ASPNET Core Identity with Minimal APIs & Reactjs UI

This project create aspnet core Identity http endpoints with Minimal API features and a Reactjs app that implements the ASPNET Identity UI screens. It uses IUserManager, ISigningManager and other existing ASPNET Core Identity services. The project implements a two factor auth using email, sms (Twilio) and TOTP Authenticator app. Upon signing up and email confirmation, the user can choose to set-up one of the provided two-factor (Email, Phone, Authenticator App) methods. Below is the list of provided http endpoints:

Custom JWT integration

When the user successfully authenticate (After two-factor), the auth endpoint generates and returns two tokens:

1. Access token: This is a custom JWT token with user data as claims that can be used for consuming other protected endpoints
2. Refresh token: This is an opaque UUID token that gets generated and stored in the DB. the value of this token is the same as the JTI value for access token. It can be used to refresh the access token, though the refresh endpoint.

JWT Token Invalidations

This project uses three strategies for JWT token (Access token) invalidation. These three strategies rely on the DB queries, therefore making the jwt scenarios stateful. You can configure your preferred strategy using below code:

builder.Services.AddJwtRevocationStrategy(options =>
{
    options.StrategyName = JwtRevocationStrategyConstants.JtiMatchter;
    //options.StrategyName = JwtRevocationStrategyConstants.AllowList;
    //options.StrategyName = JwtRevocationStrategyConstants.Denylist;
});

In case you don't want to bother about token invalidation, you can just configure your JWT tokens to be short lived (10-15 min) and use the refresh token endpoint to re-issue the access token and keep the user logged. You'll need, however have to change the authentication configuration to use the jwtbearer validation mechanisms that come with ASPNET Core.

1. JTI Matcher Strategy

We store the access token's jti (unique identifier) with the user info. This is an additional column in the user info table. Upon a successful authentication and token generation, this jti value is saved to the user table. When the user calls the /auth/logout endpoint, we set the jti column to null. To validate if a token has not been revoked, the custom auth middleware queries the DB database for the jti value and compares it with the provided token jti value. if the values match, the calls goes through, otherwise the call is rejected with 401 http status code.

2. Allowed List Strategy

With this strategt, we create an allow list table that stores the userId, information from the token (jti) and token experition timestamp. Rather than storing the full blown JWT, we store the jti instead. When the user successfully authenticates, we generate a jwt token and stores its jti in the allowed list table. To validate if the token has not been revoked, the custom middleware decodes the token, gets its jti matcher and queries the allowed list table and compares the token jti values and the experation timestamp. The user can setup a batch process for cleaning up this table based on token experition timestamp.
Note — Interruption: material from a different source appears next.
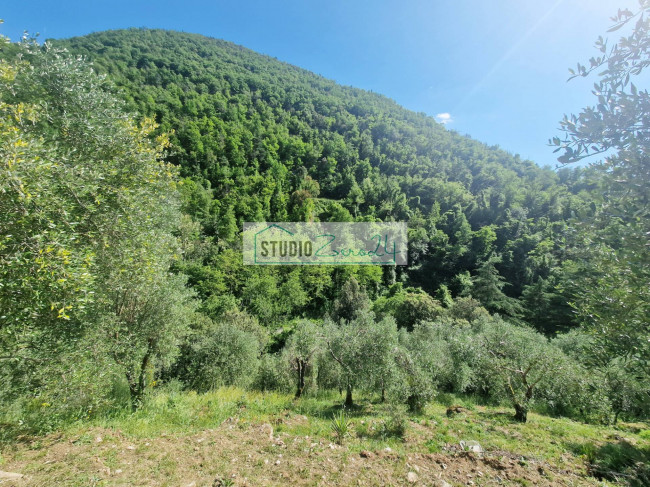 Villa in vendita a Camaiore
3. Deny(Disalow) List Strategy

When the token is revoked either through calling /auth/logout or auth/revoke endpoints, the token's jti, user Id and token experition timestamp are stored in a disallowed table. When the user calls a protected endpoint, the custom middleware decodes the token, queries the database for the jti value and compares the decoded jti claim to the value from the DB. If they match, then we know the token has been revoked and therefore the middleware rejects the request with 401 http status code.

How to run the apps

1. Backend

1. The backend relies on ef core. You'll need to generate the ef core schemas dotnet ef migrations add InitialIdenityMigration and then dotnet ef database update to create your DB and tables.
2. For email confirmation, phone number confirmation and two factor auth to work, you'll need to provide the following secrets:

{
  "Twilio:TwilioPhoneNumber": "Your twilio number",
  "Twilio:AuthToken": "Your twilio auth token",
  "Twilio:AccountSID": "Your twilio account sid",
  "SendGridEmail:ApiKey": "your sendgrip API key",
  "Twilio:VerificationServiceSID": "Your twilio verification sid for phone number verifications",
  "JwtSettings:Issuer": "https://localhost:7115 - Can be replaced with your own",
  "JwtSettings:Audience": "https://localhost:7115 - Can be replaced with your own",
  "JwtSettings:TokenSecretKey": "You jwt token secrets used for signing the tokens"
}

2. Frontend

1. Ensure you have the latest nodejs and run the following command:

• npm install
• npm start

Your app should be served at port 3000. Depending on the port for your backend, you may need to change the following value of the url in the .env.development: REACT_APP_API_URL=https://localhost:7115

Some UI Screens

1. Sign up

2. Sign In flow with Authenticator

The user can also log in by redeeming one of the authenticator recovery codes.

3. Other available screens (Forgot Passowrd flow, Login With Authenticator Code, Validate Email, Confirm Phone Number)

Todos

1. Implement the cookie auth for Single page apps hosted on the same domain as the backend and server side rendered SPAs.
2. Social media signing
3. Encrypted JWT
4. Deploy these apps to Azure with terraform.
5. Write tests for the Minimal API backend and reactjs frontend.